Вадим спустился в подвал, а мы остались в гостиной. Окно в пол было закрыто жалюзи, я попросила его открыть, что Клавдия и сделала, вернулась, и мы устроились в кресле возле окна, любуясь живописным видом.
— Здесь я его и нашла, — сказала она, вздохнув.
— Альберта Юрьевича?
— Ага. Пришла утром, а он лежит. Вот тут, между кресел. Должно быть, встать хотел, да упал.
— Видимо, приступ был внезапным, если он «Скорую» не вызвал.
— Да уж… Телефон-то под рукой. Лежал хозяин такой страшный, видно, напоследок пришлось помучиться. Все по грехам нашим…
— У него было много грехов?
— Почем мне знать? В одном грехе точно себя корил. Сама слышала, как говорил кому-то по телефону. Мол, он в том, что случилось с дочкой, виноват.
— Виноват? Каким образом?
— Так он выгнал ее на ночь глядя. Она дверью хлопнула и ушла. И больше ее никто не видел.
— Подождите, но наверняка было следствие…
— А как же! Приезжали какие-то, спрашивали. По уму-то, она должна была на автобус идти. На последний еще успеть могла, если бы поторопилась. Помню, водителя чуть не засудили, вроде он мог того… сделать что-нибудь. Кто-то видел, как он ехал с одним пассажиром, с женщиной. Но потом разобрались: женщина эта жива-здорова оказалась. К кому-то из местных в гости приезжала. Вот и выходило: на автобус она опоздала, а что дальше — тайна за семью печатями. Может, такси вызвала, или подхватил кто… А может, в городе с ней что случилось. Но хозяин покойный прав: если бы дочь здесь до утра оставил, беды бы не случилось. Было из-за чего сердце надсаживать.

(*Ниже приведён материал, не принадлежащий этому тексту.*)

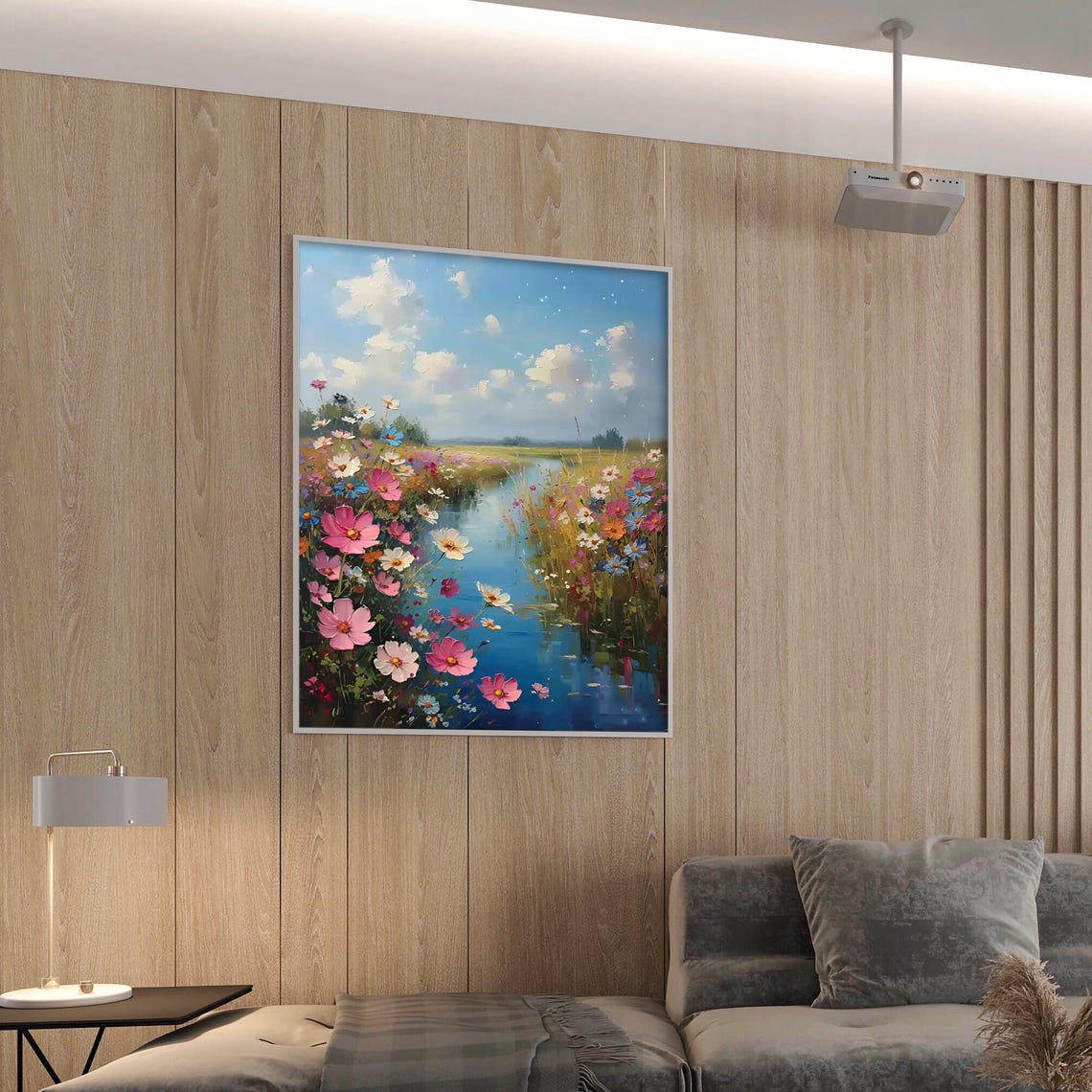 Wildflowers Along Winding River Blue Sky Vertical Oil Painting Poster - Image 3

— Если он ее не любил, как вы говорите…
— Не любил так, как родному отцу должно. Но отец все равно отец. И вину свою знал. Ну что, все посмотрели? — поворачиваясь к вошедшему в гостиную Вадиму, спросила она.
— Посмотрел, — ответил тот, озираясь. — Что-то не так с этим домом. Я бы здесь один ни за что не остался.
— Дом как дом, — пожала плечами Клавдия. — Видать, хозяин еще отсюда не убрался, вот вам и не по себе. Мне-то он привычный, но, если честно, после его смерти и я заходить сюда лишний раз не хочу. Может, Вика и права, что решила дом продать. Так и кажется, что кто-то в окна заглядывает.
— Вы Вику хорошо знаете? — решилась спросить я.
— Да где там… маленькую помню. Она ко мне ходила за черешней. Было у меня два дерева, урожая на всю улицу хватало. В прошлом году вымерзли. Вот придет, я ей ягод наберу, а она ест и мне про свое житье-бытье рассказывает. А я про свое. Бабка померла, она реже ездить стала, видно, дочь с отцом чего-то не поделили. А потом и матери не стало, тогда Вика и вовсе от случая к случаю к деду заглядывала. Наверное, обижена была, а может, в том, что случилось, деда винила. По мне, так правильно. Осталась девка без отца-матери. А вы где остановились? — резко сменила она тему.
— В гостинице.
— У Соньки, что ли?
— Да, — ответила я, присматриваясь к Клавдии, она насмешливо спросила:
— Небось дорого у нее?
— Ну… как вам сказать.
— Уж эта своего не упустит. Такая, прости господи…
— Она ведь приезжая, если мы правильно поняли.
— Приезжая. Явилась сюда с мальчишкой своим, вроде отдохнуть. А хозяин гостиницы о ту пору один жил, она и смекнула, как мужика вокруг пальца обвести. Стала с ним жить. А он хворый. Она и добилась, чтобы он на нее гостиницу переписал. Родного сына без всего оставил, чужим людям отдал. Вот такой пронырой Сонька оказалась.
— Сын не пытался решение отца оспорить?
— А как оспоришь? По бумагам он ей все продал. Продал, а денежки где? Нет денежек. По-умному все провернула, комар носа не подточит.